*Task to carry out*:
Once the line with "شقة 2 غرفة نوم" is found, repeat exactly that line and every one after it until the data below ends, including the last line.

(Beginning of Supplied material)

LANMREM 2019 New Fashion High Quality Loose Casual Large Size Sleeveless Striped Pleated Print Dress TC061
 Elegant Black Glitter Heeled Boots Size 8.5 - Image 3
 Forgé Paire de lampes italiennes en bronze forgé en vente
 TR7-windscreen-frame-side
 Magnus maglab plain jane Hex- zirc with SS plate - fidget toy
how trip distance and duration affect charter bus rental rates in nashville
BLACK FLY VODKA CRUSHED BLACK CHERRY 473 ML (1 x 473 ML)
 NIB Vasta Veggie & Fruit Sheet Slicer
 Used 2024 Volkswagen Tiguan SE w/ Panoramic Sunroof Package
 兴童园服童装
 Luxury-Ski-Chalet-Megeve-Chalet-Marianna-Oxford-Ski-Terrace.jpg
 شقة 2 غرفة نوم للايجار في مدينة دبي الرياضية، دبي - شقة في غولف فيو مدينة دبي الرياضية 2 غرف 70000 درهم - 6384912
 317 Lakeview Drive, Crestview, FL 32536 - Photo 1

(End of Supplied material)

*Output for this task*:
 شقة 2 غرفة نوم للايجار في مدينة دبي الرياضية، دبي - شقة في غولف فيو مدينة دبي الرياضية 2 غرف 70000 درهم - 6384912
 317 Lakeview Drive, Crestview, FL 32536 - Photo 1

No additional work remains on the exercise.